Andy Uhler/Marketplace

This week, many truck drivers who transport containers from the ports of Los Angeles and Long Beach to distribution centers are on strike. The issue: They are classified as contractors, but want to be full-time employees.

Fidel Gonzalez came to the United States from Oaxaca, Mexico. He started driving a truck 10 years ago because he thought he could make more money than he was paid as a garment worker. But today, he thinks the system is set up for drivers to fail.

“If we work eight hours, actually, you don’t make money at all,” he said. “If we work more than eight or 10 hours, we can make some money, but not the money we are expecting.” 

If drivers own or lease their own trucks, in theory they can make more money than drivers who are directly employed, because they’re paid by the load and might be able to make a few runs a day.

“One load I could take two hours to finish, or it could take a whole day,” Gonzalez said. “We never know. You never know what time you’re going to get out of the port.”

A driver might also spend hours waiting in line for a load, and the money from the load might not be what you thought. 

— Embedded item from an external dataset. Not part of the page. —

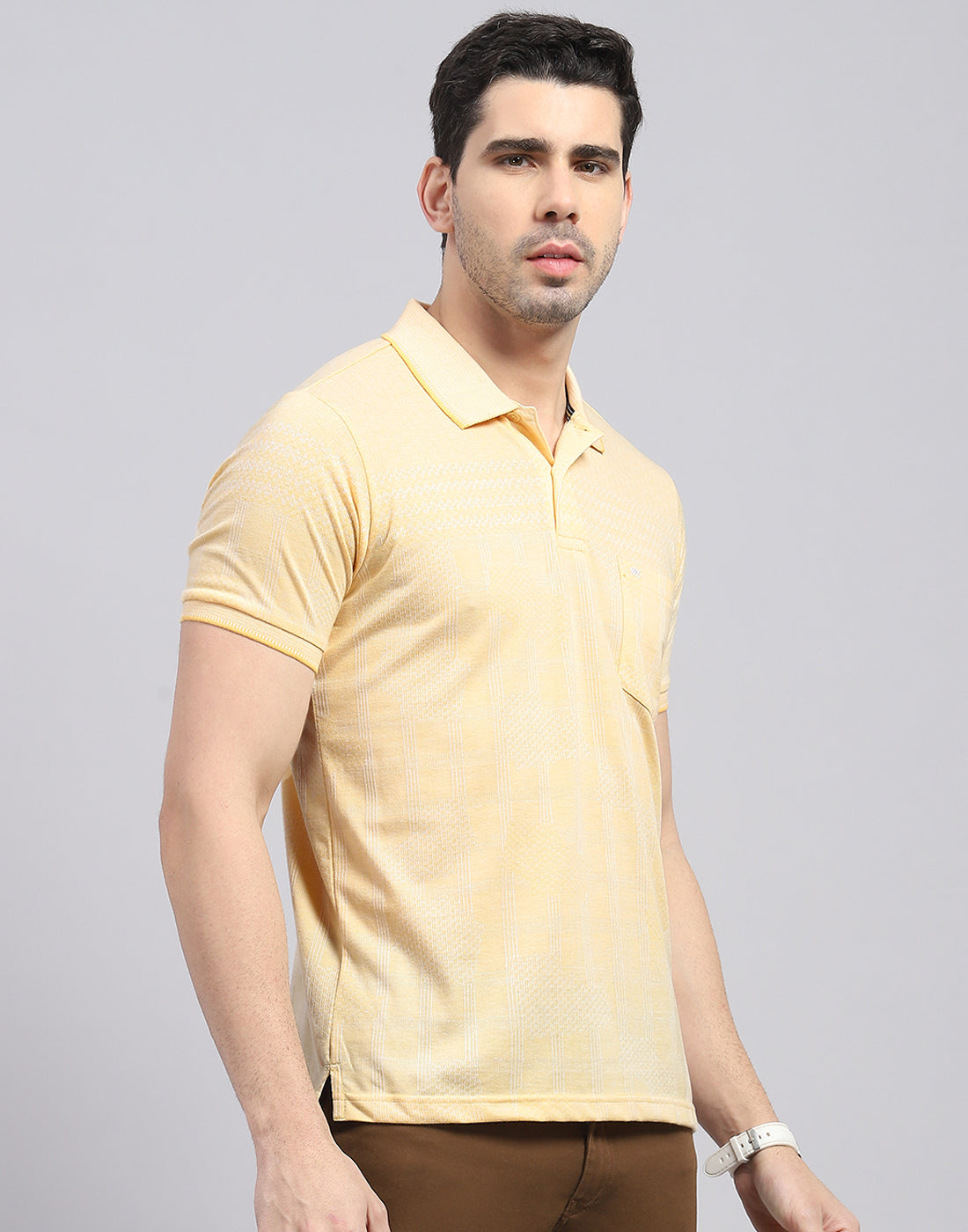 Men Beige Printed Polo Collar Half Sleeve T-Shirt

“Out of their paycheck will come all of these deductions for fuel, for insurance, for registration taxes, maintenance,” said Nick Weiner, who’s in charge of the Justice for Port Drivers campaign. “All these get deducted out of your paycheck and that’s what you’re left with at the end of the week.”

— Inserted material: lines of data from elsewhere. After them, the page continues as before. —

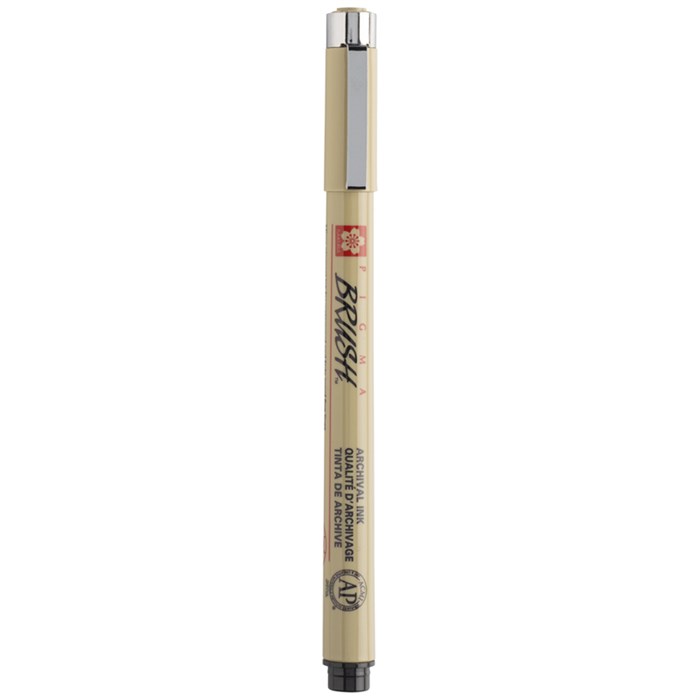 Ручка капиллярная Sakura  Pigma Brush  черная, кистевая - фото 230158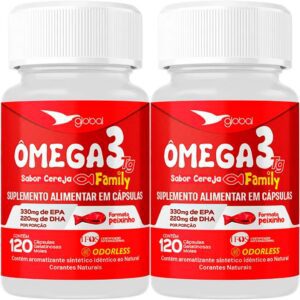 Kit 2 Ômega 3 Peixinho 33 EPA 22 DHA Family Global Suplementos 120 Cápsulas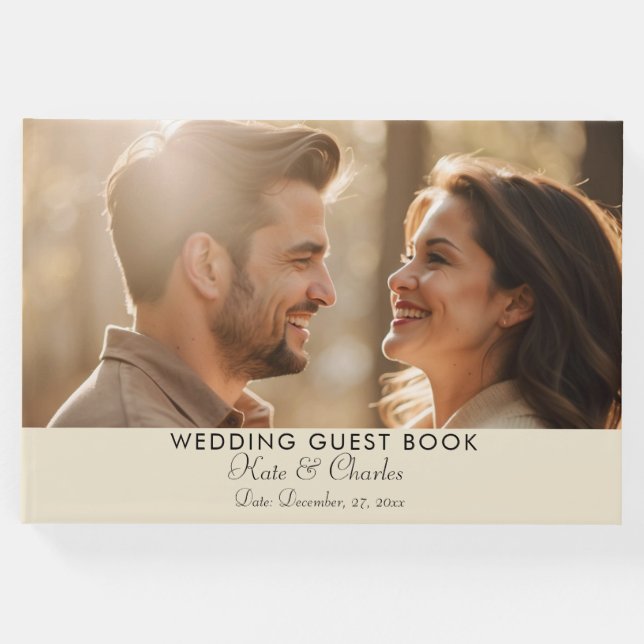 Libro De Visitas Elegante Personalizado de fotografía moderno códig (Anverso)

Trucking companies argue the employee model isn’t sustainable. Several have filed for bankruptcy in recent months, citing legal battles about misclassification as a major factor.

Jonathan Rosenthal, general partner of Saybrook Capital in Los Angeles, said the trucking business is merely emblematic of a larger battle over employee classification.

“There are a number of industries that are being attacked for the independent contractor model, including everything from nursing to beauty parlors. The Ubers of the world,” he said.

Rosenthal said the two models can’t work together in the trucking business. Truck drivers either have to be all independent contractors or all employees. And if the California Labor Commission has anything to say about it, it’ll likely be the latter.